They showed why he was wrong.
1 - No they didn't.
2 - They didn't even address the arguments in the video at all.
The post I'm replying to does have quotes that attempt to address it so I'll respond to them.
If we take the UK as an example, we give around 0.3% of our GNP in foreign aid. Lomborg’s argument is that if we spend money on climate change it means that there will be less available for foreign aid but actually it is how we manage our carbon emissions in the other 99.7% of our GNP that is significant. This carbon management is not necessarily about cutting things – it’s about doing things differently.
Doing things differently cost money, and effort that can be applied to other problems instead. Doing things differently in response to government subsidies or targeted tax breaks has an impact on the government's budget as well. Doing things differently in response to government direction also tends to decrease flexibility and effeciency, as political direction takes over from profit seeking, and as subsidies and rules get set in place, that don't change with changing market conditions (and likely were not well set up for current markets to begin with).
If you are going to address global warming through government policy at all the best policy would be a tax on greenhouse gas emissions, offset by other tax cuts. That would allow companies to adjust in their own way rather then in some government mandated command and control fashion.

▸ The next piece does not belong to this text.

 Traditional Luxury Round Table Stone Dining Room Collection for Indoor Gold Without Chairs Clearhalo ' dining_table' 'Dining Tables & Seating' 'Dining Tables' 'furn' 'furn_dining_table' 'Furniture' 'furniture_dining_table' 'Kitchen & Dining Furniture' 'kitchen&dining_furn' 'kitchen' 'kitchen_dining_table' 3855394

As for sea level rise, the uncertainties work in both directions, and Lomborg's right that a wealthier future world will be more able to cope with dealing with it then the current world.
With only a modicum of lateral thinking it is clear that his $20 figure is an absurd simplification.
It is a massive oversimplification with flimsy justification. So is every other figure for the cost.
Lomborg makes an excellent point with -
"But let’s take a look at what Michael might actually propose we should do. We should cut carbon emissions, which essentially means that the woman who lives in the shadow of the glaciers in Nepal will see the diminishment of the glacier outflow in 2051 instead of 2050. Now her kids don’t have education, they probably have malaria – her brother has probably just died from malaria, or typhoid. They have very little food and what are we telling her is: “We want to help you infinitessimally in fifty or a hundred years” when what we should do is give them better infrastructure to deal with that water, yes, and what we should do is deal with those problems that they actually need. I think it’s breath-taking the amount of arrogance that lies in the argument of saying “I want to help these people by spending enormous amounts of money to do virtually no good”."
Yes Lomborg could be wrong but he could be wrong in either direction (as could everyone else participating in this issue, except perhaps those making extreme predictions like Tejek's idea of the Earth becoming like Venus)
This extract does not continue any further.